Problem details: Leave the pictures out and restate every line below exactly.

··· Provided data

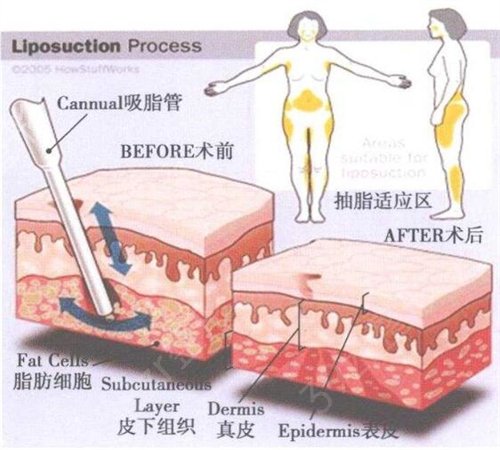 广东医科大学附属医院整形科怎么样？吸脂恢复两个月*果图!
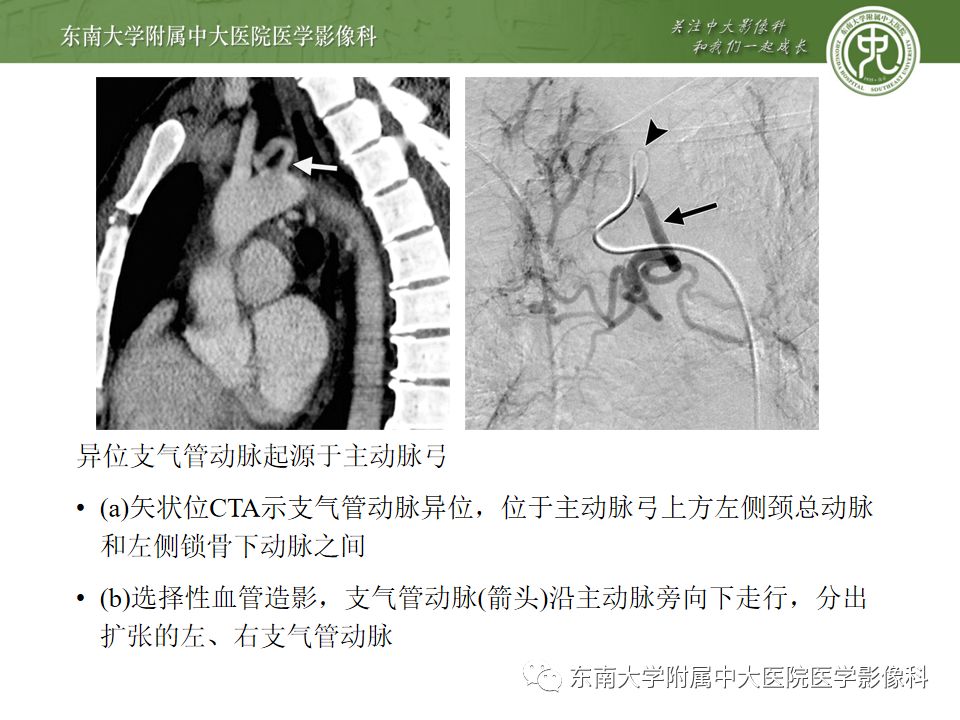 支气管动脉解剖及异常影像表现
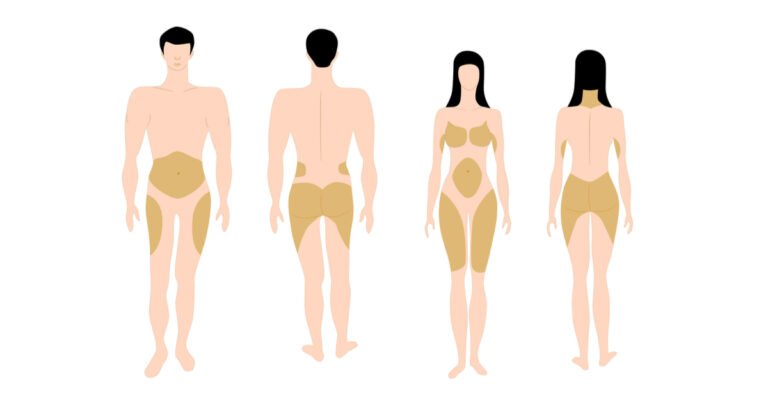 كيف يختار الدكتور ماجد العنزي العملية الأنسب حسب شكل الجسم وتوزيع كمية الدهون؟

······

Exercise result:
 广东医科大学附属医院整形科怎么样？吸脂恢复两个月*果图!
 支气管动脉解剖及异常影像表现
 كيف يختار الدكتور ماجد العنزي العملية الأنسب حسب شكل الجسم وتوزيع كمية الدهون؟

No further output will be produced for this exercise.